Robson Square
Robson Square is a landmark civic centre and public plaza of modernist concrete, located in Downtown Vancouver, British Columbia. It is the site of the Provincial Law Courts, UBC Robson Square, government office buildings, and public space connecting the newer development to the Vancouver Art Gallery.

The British Columbia Centre was a development proposal slated to be completed by 1975. At 208 metres (682 feet) it would have been the tallest skyscraper in the city (and taller than the Living Shangri-La, which currently holds the record). With the defeat of W.A.C. Bennett's Social Credit government in 1972, the plan was scrapped just as the construction phase was about to begin. The New Democrat government of Dave Barrett responded to fears of the dark shadow that the building would cast downtown, and commissioned a redesign from another architectural firm, Arthur Erickson Architects. The reconceptualization Erickson came up with was of a skyscraper laid on its side, the "B.C. Centre on its back." Erickson biographer Nicholas Olsberg describes the design as follows: Arthur came in and said 'This won't be a corporate monument. Let's turn it on its side and let people walk all over it.' And he anchored it in such a way with the courts " the law " at one end and the museum " the arts " at the other. The foundations of society. And underneath it all, the government offices quietly supporting their people. It's almost a spiritual progression.
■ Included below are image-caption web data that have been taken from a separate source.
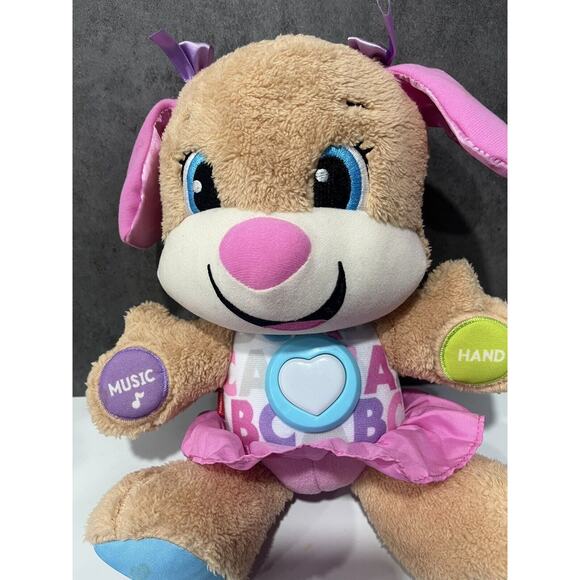 Fisher-Price Laugh &Learn Smart Stages Sis Plush Toy with 75+Songs & Sounds GIRL - Picture 3 of 6
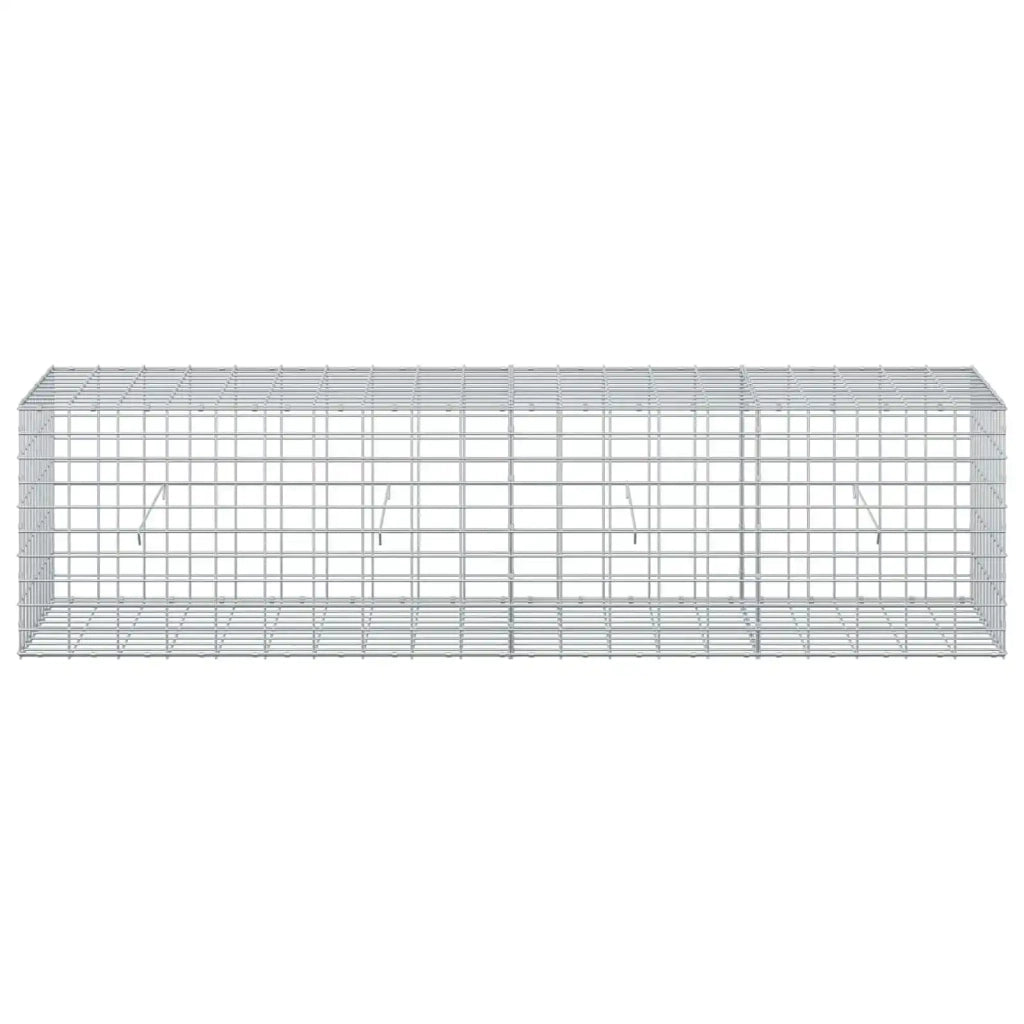 Gabione con Filo da 3,5 mm e Rete da 5x10 cm 200x50x50 cm 3462790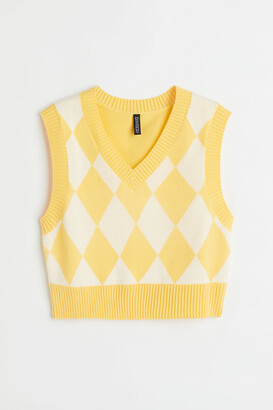 H&M Jacquard-knit sweater vest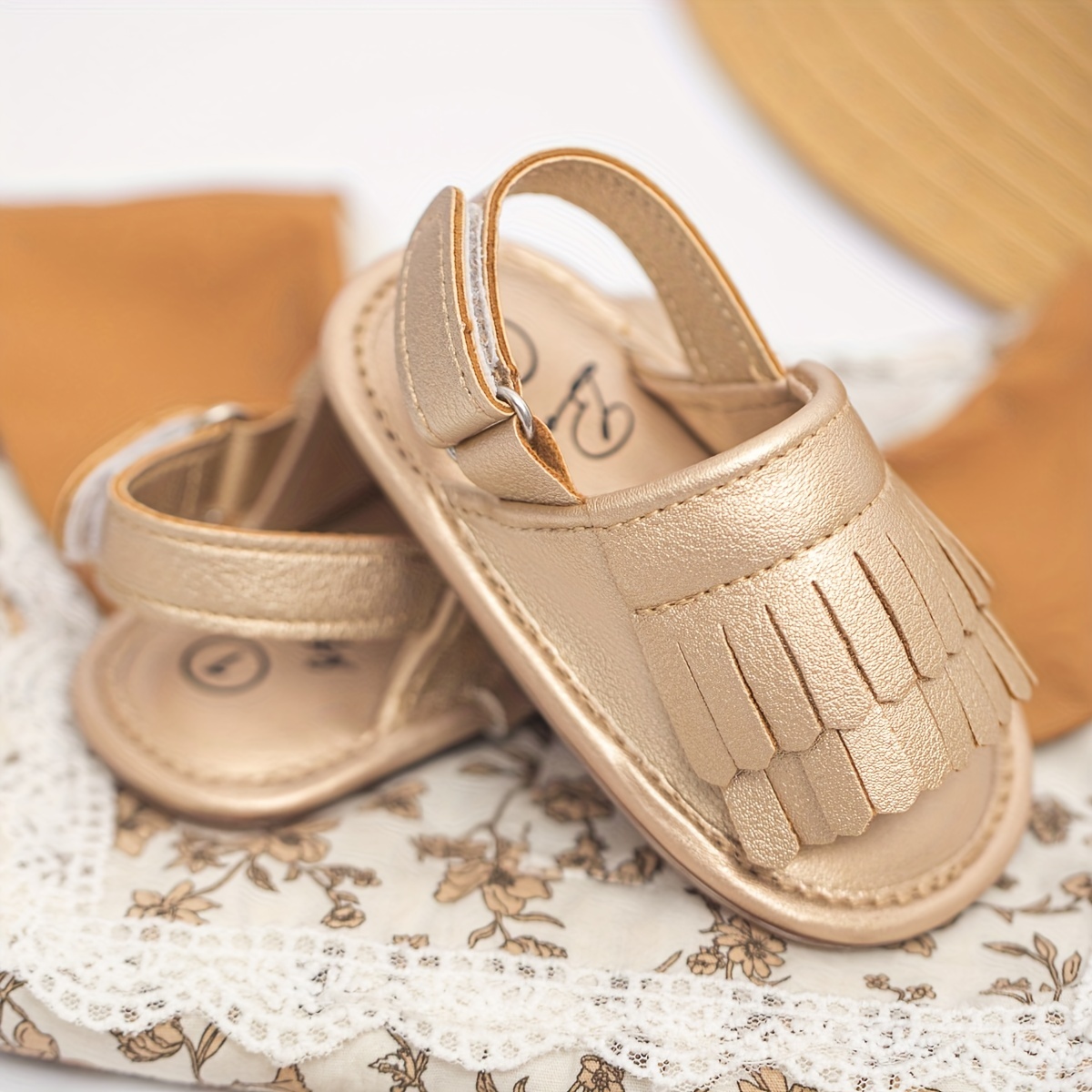 Girls sales tassel sandals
The new development was completed between 1979 and 1983, encompassing three city blocks and housing 1,300,000 square feet (121,000 m 2) of space. The main component is the glass-covered Provincial Law Courts. It houses 35 courtrooms and is 42 metres (139 feet) in height. The glass roof is 420 by 115 feet (130 by 35 m) and is supported by a steel space frame structure, covering approximately 50,000 square feet (4,600 m 2) of public space. Three cascading waterfalls throughout the complex provide natural air conditioning with 850,000 gallons of water. An outdoor skating rink can be found in a lower level that extends below Robson Street and connects on the other side to the Vancouver Art Gallery, which was renovated as part of the project. The University of British Columbia's downtown satellite campus, UBC Robson Square, is also housed in the lower level, along with restaurants. Typical of Erickson's designs, Robson Square is constructed primarily out of grey concrete, but softened by its environmental design. In addition to the water features are trees and numerous other plantings as well as gradually inclining stairs with integrated ramps. The open design allows for relatively unobstructed natural light and fresh air, and the waterfall divert from the noise of downtown traffic. Landscaping on the project was designed by Cornelia Oberlander. The complex was completed in three stages at a cost of $139 million. The provincial government offices were finished first in 1978, the Law Courts the following year, and the renovation of the old provincial court building into the new Vancouver Art Gallery was completed in 1983, a decade after the design was completed. As of November 23, 2009, Robson Square has been reopened following a multi million dollar reconstruction project. Its reopening can be directly attributed to the 2010 Olympic Winter Games in Vancouver and Whistler. Robson Square is the only public outdoor skating rink in Vancouver. It is free to use.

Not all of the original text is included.